L'employeur peut différer dans une limite de 9 mois, après avis du comité social et économique lorsque celui-ci existe, le bénéfice du congé de transition professionnelle demandé par le salarié, soit lorsqu'il estime que l'absence de l'intéressé pourrait avoir des conséquences préjudiciables à la production et à la marche de l'entreprise, soit en cas de dépassement du pourcentage réglementaire d'absences simultanées.

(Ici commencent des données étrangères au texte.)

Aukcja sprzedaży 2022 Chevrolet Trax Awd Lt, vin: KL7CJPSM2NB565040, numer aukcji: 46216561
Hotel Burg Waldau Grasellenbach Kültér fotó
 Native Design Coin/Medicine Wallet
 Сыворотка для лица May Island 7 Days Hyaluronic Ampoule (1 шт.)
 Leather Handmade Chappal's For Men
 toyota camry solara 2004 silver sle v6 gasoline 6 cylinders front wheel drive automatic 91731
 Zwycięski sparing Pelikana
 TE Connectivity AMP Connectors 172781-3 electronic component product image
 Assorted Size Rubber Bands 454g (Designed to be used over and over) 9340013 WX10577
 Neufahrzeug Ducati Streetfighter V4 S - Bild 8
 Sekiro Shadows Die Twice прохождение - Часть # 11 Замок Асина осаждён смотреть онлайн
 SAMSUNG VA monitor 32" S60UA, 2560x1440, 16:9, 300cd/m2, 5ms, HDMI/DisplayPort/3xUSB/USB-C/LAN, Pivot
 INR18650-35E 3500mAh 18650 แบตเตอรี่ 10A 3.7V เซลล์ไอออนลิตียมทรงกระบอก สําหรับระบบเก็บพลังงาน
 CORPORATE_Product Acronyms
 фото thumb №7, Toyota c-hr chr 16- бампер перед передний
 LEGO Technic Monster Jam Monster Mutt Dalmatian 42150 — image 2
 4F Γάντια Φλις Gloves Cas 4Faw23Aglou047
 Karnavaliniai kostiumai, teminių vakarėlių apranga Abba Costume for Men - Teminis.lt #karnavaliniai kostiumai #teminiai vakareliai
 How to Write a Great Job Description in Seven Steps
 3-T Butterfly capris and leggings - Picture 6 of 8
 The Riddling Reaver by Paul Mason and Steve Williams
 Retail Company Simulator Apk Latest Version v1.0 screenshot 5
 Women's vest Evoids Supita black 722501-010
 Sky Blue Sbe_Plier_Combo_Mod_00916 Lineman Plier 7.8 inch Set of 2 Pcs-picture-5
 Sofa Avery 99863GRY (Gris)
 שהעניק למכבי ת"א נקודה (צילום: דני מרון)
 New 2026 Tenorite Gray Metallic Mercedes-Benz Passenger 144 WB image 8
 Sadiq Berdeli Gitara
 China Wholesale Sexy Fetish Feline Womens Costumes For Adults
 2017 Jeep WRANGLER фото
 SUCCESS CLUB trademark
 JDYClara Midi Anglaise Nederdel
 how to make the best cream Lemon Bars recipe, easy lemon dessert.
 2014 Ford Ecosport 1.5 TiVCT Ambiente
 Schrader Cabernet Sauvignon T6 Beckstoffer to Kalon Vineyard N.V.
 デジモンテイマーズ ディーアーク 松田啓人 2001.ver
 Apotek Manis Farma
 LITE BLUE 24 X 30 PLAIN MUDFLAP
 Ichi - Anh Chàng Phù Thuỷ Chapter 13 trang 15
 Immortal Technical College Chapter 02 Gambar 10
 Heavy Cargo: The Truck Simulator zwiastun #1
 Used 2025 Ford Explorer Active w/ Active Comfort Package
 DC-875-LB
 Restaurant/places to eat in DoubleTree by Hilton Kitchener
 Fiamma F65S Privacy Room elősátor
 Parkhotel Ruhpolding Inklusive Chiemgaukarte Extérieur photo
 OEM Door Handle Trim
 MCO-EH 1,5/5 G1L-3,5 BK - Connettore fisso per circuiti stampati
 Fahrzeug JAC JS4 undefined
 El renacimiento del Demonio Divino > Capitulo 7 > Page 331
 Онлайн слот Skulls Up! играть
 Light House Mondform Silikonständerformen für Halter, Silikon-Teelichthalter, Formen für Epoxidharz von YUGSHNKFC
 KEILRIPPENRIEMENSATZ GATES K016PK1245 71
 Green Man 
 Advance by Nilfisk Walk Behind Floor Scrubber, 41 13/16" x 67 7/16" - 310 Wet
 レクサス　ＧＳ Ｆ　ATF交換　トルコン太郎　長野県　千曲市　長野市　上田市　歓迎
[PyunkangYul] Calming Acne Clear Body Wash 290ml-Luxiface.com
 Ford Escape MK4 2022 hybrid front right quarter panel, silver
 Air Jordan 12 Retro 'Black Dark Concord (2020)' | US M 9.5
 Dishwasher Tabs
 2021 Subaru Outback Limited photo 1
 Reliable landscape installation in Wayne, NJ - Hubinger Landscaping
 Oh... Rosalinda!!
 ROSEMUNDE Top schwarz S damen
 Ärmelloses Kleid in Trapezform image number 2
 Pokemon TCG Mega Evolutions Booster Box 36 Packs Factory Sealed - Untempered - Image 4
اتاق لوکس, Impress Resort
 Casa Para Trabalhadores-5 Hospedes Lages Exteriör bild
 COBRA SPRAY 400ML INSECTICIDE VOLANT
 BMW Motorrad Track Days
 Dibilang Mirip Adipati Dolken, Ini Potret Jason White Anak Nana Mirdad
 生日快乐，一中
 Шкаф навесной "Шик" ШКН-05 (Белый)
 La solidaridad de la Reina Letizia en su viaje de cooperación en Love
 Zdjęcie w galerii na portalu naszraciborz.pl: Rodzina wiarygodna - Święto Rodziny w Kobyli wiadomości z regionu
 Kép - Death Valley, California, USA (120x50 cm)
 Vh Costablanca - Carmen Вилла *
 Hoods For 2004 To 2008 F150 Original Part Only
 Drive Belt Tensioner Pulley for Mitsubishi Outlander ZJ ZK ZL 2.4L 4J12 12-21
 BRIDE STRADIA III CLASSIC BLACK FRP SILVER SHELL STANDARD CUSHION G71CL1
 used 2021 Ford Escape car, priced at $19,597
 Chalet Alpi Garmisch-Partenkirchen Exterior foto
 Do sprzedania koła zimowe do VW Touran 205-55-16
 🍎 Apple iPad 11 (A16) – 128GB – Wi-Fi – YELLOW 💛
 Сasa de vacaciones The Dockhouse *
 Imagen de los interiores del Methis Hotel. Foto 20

À l'issue de la formation, le salarié doit être réintégré dans son poste ou, si celui-ci n'est plus disponible, dans un emploi équivalent. Quelles que soient les connaissances acquises par le salarié pendant sa formation, l'employeur n'est pas tenu de lui attribuer un échelon ou un niveau de classement supérieur à celui qu'il occupait auparavant, sauf accord préalablement conclu avec son employeur. Toutefois, dans le cas où un salarié aurait obtenu, à l'issue de son action de transition professionnelle, une certification figurant sur la liste des certifications reconnues par les branches signataires du présent accord comme éligible à la reconversion ou promotion par l'alternance (Pro-A), l'employeur sera tenu d'examiner en priorité sa candidature lorsqu'un poste correspondant à sa nouvelle qualification sera devenu disponible dans l'entreprise.